1. ## moment-generating function

$\displaystyle Y$ have pdf $\displaystyle P(Y=k)=(k+1)p^2 q^k$, with $\displaystyle 0<p<1$and $\displaystyle q=1-p$ and $\displaystyle k=0,1,2,...$
Is easy prove that $\displaystyle M_{Y}(t)=p^2 (1-qe^t)^2$. Let $\displaystyle X=Y_1+\cdots Y_{24}$, with $\displaystyle Y_{i}$ with same distribution of $\displaystyle Y$
Calculate $\displaystyle M_{X}(t)$

Note: $\displaystyle M_Y (t)=E(e^{tk})$

2. Originally Posted by jorgeston
$\displaystyle Y$ have pdf $\displaystyle P(Y=k)=(k+1)p^2 p^k$, with $\displaystyle 0<p<1$and $\displaystyle q=1-p$ and $\displaystyle k=0,1,2,...$
Is easy prove that $\displaystyle M_{Y}(t)=p^2 (1-qe^t)^2$. Let $\displaystyle X=Y_1+\cdots Y_{24}$, with $\displaystyle Y_{i}$ with same distribution of $\displaystyle Y$
Calculate $\displaystyle M_{X}(t)$

Note: $\displaystyle M_Y (t)=E(e^{tk})$
I have no time now. I'll reply later if no-one else does.

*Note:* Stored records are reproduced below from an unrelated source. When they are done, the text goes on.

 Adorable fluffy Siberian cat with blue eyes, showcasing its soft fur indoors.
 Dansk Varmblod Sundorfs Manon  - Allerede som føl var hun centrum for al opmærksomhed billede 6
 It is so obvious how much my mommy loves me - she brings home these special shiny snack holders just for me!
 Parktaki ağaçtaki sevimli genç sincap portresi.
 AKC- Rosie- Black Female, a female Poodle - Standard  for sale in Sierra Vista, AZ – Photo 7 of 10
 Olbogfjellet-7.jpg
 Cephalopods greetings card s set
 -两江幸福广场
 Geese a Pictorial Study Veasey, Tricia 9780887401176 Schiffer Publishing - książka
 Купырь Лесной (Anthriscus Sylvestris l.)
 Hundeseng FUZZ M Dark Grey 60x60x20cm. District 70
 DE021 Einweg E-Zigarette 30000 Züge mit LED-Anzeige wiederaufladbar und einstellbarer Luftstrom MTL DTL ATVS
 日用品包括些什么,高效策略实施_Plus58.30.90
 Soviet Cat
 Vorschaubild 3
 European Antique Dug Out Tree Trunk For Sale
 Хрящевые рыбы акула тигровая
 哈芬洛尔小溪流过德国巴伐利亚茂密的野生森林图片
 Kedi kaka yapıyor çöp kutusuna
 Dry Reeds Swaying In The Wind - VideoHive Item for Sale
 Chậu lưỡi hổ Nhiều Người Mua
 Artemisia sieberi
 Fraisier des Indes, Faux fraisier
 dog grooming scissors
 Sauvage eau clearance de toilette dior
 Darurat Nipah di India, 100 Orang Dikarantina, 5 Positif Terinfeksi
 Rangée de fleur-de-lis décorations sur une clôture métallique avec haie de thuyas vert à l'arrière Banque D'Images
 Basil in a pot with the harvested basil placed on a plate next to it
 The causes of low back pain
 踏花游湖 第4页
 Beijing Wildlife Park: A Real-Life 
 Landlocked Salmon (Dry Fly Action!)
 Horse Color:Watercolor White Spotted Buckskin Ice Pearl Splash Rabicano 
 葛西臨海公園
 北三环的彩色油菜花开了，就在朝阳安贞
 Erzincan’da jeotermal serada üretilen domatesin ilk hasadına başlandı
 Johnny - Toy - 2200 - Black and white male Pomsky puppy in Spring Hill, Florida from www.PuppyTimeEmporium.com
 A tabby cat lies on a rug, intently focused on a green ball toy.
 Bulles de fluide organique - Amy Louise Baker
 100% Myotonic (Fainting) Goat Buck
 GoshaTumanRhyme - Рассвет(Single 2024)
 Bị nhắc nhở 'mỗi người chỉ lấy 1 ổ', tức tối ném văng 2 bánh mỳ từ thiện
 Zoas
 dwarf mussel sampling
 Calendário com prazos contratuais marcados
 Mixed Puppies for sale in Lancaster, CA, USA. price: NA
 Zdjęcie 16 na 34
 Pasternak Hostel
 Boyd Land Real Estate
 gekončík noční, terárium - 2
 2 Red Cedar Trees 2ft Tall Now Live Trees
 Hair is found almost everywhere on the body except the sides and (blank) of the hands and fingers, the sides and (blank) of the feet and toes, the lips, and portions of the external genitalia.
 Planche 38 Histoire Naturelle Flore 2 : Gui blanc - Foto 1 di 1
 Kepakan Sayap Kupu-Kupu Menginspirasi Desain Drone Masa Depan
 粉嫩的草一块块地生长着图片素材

3. $\displaystyle X = 24Y$. Note that $\displaystyle M_{aY+b} = e^{bt} M_{Y}(at)$. In this case, $\displaystyle b = 0$ and $\displaystyle a = 24$. So $\displaystyle M_{24Y}(t) = M_{X}(t) = p^2(1-qe^{24t})^{2}$.

4. Originally Posted by tukeywilliams
$\displaystyle X = 24Y$. Note that $\displaystyle M_{aY+b} = e^{bt} M_{Y}(at)$. In this case, $\displaystyle b = 0$ and $\displaystyle a = 24$. So $\displaystyle M_{24Y}(t) = M_{X}(t) = p^2(1-qe^{24t})^{2}$.
If you have reason, i don't understand why $\displaystyle Y_1=Y_2=\cdots = Y_{24}$

If this is true, implies $\displaystyle X=24Y$, but i am confused

5. Originally Posted by jorgeston
If you have reason, i don't understand why $\displaystyle Y_1=Y_2=\cdots = Y_{24}$

If this is true, implies $\displaystyle X=24Y$, but i am confused
*Ahem* Didn't you say in your question:

"with with same distribution of " ....?